Updated

A septic truck collided with a sport-utility vehicle carrying farm workers in central California on Tuesday, sweeping both vehicles into an irrigation canal and killing at least five people.

Authorities pulled the Ford Explorer out of the Delta-Mendota Canal late Tuesday night and removed four bodies — three men and one woman — from the vehicle, California Highway Patrol Officer Mayolo Banuelos said.

Officials were working to identify the four victims, who were traveling home to Lodi after working in an orchard south of Westley in Stanislaus County. Investigators originally had believed that six people were in the SUV based on reports from family and witnesses.

Divers pulled one male body from inside the septic truck late in the afternoon, Banuelos said. Initial reports suggested two people had been in the truck, but investigators now believe there was only one.

The vehicles careened into the swift-moving waters of the canal about 15 miles southwest of Modesto after the truck slammed into the SUV at 12:21 p.m. Tuesday, according to the Highway Patrol.

Distraught relatives and friends of the crash victims lined the canal banks Tuesday afternoon, sobbing as divers probed its depths.

"When we got the call I thought it could have been any of us there with them," said Zenon Vargas, 34, who said he shares a home in Lodi with the SUV's driver, Eulalia Garcia. "It's been so many hours. It's so frustrating."
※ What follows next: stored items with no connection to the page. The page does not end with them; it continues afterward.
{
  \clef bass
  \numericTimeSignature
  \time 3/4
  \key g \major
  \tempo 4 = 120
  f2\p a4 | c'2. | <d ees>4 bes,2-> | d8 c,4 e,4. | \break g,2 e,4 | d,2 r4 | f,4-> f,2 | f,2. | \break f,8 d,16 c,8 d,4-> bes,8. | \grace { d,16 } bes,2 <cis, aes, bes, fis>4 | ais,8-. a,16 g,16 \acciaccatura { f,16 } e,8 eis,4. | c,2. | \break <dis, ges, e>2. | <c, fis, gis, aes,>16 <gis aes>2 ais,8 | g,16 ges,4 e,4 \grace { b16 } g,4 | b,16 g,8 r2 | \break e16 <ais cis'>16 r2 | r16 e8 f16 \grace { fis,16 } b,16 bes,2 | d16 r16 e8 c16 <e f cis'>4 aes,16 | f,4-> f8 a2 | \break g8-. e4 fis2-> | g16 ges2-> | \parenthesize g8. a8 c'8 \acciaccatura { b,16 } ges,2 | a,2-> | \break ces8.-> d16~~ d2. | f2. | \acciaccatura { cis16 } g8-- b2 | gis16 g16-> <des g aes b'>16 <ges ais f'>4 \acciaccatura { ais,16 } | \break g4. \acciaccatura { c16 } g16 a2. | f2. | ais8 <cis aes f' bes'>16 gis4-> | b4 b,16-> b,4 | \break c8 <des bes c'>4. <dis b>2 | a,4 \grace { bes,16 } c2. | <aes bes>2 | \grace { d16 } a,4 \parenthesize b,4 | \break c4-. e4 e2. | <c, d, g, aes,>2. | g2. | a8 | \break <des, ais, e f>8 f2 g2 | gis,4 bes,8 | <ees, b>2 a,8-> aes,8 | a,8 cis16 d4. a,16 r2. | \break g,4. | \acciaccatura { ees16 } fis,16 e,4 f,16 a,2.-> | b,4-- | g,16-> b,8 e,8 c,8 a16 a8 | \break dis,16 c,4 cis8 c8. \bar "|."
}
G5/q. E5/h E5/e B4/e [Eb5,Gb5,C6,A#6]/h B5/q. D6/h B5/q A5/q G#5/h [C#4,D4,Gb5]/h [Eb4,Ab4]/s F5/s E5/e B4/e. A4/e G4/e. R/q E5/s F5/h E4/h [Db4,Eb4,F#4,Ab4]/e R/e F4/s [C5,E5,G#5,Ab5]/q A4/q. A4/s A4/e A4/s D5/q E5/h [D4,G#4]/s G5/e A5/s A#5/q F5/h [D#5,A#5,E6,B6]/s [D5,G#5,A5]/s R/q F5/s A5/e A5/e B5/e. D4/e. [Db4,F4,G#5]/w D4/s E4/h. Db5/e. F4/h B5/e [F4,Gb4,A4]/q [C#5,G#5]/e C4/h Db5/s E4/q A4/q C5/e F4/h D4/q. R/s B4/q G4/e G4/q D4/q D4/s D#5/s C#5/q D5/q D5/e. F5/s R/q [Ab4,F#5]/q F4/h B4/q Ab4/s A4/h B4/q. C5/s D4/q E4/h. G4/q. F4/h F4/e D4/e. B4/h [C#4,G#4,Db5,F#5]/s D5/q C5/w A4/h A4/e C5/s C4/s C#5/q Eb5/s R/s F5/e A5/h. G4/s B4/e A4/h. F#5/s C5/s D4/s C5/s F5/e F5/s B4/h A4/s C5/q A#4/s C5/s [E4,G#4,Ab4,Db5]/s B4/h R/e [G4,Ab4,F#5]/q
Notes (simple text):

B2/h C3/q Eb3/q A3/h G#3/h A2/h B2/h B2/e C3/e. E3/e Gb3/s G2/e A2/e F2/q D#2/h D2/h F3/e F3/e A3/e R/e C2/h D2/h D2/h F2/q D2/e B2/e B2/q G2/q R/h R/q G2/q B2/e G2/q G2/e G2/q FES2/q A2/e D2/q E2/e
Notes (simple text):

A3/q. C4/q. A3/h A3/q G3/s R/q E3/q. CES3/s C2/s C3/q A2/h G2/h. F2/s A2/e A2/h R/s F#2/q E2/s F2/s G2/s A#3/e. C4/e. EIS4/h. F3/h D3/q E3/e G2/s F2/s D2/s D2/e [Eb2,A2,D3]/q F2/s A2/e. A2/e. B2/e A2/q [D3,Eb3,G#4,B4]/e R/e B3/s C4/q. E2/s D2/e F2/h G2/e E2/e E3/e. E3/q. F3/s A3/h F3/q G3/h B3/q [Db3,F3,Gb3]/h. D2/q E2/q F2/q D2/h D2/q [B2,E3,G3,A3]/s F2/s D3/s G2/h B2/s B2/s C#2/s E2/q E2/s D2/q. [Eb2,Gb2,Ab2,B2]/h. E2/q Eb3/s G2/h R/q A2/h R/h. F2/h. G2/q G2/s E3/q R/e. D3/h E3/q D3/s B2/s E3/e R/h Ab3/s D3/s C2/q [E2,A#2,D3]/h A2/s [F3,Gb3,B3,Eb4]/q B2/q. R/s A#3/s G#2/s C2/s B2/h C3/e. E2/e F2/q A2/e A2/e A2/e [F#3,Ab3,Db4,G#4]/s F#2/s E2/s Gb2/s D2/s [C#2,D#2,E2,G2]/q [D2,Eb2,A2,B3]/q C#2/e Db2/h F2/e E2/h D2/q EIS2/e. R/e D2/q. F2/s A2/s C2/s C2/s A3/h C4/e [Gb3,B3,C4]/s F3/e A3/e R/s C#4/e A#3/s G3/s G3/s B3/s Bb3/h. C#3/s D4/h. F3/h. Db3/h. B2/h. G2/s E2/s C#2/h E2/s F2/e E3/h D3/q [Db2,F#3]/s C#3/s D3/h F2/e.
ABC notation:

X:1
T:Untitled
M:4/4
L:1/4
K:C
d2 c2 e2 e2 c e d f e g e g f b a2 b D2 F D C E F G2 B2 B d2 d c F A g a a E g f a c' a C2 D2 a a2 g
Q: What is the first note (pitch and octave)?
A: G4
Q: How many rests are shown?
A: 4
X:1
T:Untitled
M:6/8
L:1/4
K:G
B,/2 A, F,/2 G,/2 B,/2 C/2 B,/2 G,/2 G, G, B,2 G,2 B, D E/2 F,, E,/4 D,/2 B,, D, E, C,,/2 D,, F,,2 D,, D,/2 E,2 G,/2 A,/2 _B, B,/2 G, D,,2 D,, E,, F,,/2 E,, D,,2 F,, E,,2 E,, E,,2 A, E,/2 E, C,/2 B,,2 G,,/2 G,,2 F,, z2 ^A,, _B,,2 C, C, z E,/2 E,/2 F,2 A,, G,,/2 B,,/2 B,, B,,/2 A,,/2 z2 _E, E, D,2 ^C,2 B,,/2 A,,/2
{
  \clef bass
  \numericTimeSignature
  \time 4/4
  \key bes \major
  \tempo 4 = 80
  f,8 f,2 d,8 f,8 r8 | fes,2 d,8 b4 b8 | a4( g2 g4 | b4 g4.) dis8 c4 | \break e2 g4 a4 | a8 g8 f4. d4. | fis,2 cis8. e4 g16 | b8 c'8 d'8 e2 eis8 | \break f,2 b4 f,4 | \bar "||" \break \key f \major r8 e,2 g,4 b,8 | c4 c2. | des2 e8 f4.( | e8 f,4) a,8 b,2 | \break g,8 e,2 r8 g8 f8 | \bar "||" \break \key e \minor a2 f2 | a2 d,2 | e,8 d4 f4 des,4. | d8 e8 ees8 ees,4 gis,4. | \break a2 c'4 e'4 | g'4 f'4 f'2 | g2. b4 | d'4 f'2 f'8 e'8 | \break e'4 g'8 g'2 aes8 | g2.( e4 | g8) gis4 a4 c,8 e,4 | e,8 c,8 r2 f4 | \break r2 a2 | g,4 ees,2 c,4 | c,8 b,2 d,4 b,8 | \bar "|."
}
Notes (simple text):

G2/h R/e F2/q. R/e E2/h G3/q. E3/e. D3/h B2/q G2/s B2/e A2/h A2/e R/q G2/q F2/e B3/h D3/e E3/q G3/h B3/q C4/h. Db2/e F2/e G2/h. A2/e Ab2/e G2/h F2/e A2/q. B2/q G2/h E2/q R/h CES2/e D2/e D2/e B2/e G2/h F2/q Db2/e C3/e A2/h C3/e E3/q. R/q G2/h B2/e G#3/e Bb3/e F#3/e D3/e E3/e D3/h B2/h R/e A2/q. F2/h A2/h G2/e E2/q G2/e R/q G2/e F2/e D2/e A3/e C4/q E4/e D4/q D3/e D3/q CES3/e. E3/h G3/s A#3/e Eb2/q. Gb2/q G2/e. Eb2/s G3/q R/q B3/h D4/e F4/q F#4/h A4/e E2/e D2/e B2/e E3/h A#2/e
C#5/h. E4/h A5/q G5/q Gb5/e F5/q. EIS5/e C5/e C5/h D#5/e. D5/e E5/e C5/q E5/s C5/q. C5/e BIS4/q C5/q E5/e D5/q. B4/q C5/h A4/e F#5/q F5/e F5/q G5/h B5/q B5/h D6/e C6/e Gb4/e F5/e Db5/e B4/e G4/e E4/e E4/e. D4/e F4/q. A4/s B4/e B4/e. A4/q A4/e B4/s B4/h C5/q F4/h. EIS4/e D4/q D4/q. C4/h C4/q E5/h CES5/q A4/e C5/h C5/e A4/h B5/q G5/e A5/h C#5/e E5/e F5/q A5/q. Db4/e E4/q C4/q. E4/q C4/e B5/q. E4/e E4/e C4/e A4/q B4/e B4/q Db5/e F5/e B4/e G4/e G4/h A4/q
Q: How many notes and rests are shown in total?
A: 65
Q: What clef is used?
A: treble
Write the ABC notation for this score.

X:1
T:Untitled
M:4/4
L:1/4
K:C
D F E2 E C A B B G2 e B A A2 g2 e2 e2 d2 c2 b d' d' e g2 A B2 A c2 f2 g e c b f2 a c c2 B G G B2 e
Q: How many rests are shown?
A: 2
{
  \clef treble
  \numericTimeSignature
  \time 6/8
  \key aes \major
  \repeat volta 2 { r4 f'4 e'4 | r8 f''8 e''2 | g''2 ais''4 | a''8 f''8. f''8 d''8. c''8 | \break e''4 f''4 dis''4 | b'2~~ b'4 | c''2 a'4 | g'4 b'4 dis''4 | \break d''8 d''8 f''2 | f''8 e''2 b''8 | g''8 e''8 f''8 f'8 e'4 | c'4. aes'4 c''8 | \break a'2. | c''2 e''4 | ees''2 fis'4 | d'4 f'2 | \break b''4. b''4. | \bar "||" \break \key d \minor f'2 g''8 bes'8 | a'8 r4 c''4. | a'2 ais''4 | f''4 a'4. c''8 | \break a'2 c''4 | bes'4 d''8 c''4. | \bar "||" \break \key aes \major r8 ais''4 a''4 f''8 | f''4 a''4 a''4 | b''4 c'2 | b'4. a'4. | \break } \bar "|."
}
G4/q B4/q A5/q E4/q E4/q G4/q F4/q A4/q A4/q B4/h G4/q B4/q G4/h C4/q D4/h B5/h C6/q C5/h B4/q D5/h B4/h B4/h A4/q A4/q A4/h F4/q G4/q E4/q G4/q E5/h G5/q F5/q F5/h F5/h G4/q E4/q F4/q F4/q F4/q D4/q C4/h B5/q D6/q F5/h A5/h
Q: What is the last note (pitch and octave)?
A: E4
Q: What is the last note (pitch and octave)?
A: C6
The canal runs about 17 feet deep and 100 feet wide in the area where the crash occurred, said Pete Lucero, a spokesman for the U.S. Bureau of Reclamation, which operates the 117-mile canal that funnels water from a Tracy pumping plant to the western San Joaquin Valley.

United Site Services Inc., which owned the septic truck, would not immediately release the identity of the driver, who had been cleaning out portable toilets in a nearby orchard before the crash, said Paige Dawson, a spokeswoman for the Westborough, Mass.-based company.

The truck was carrying non-toxic, biodegradable material, and there was no evidence the contents of the truck's tank had spilled into the canal, Dawson said.

Belen Martinez, 47, who worked in the same crew as Garcia, said she received a call that her friend, brother-in-law and nephew were involved in the wreck.

"They never had a chance to get home," said Martinez, who is originally from the Mexican state of Guerrero but now lives in Lodi. "We're just sitting here hoping and waiting."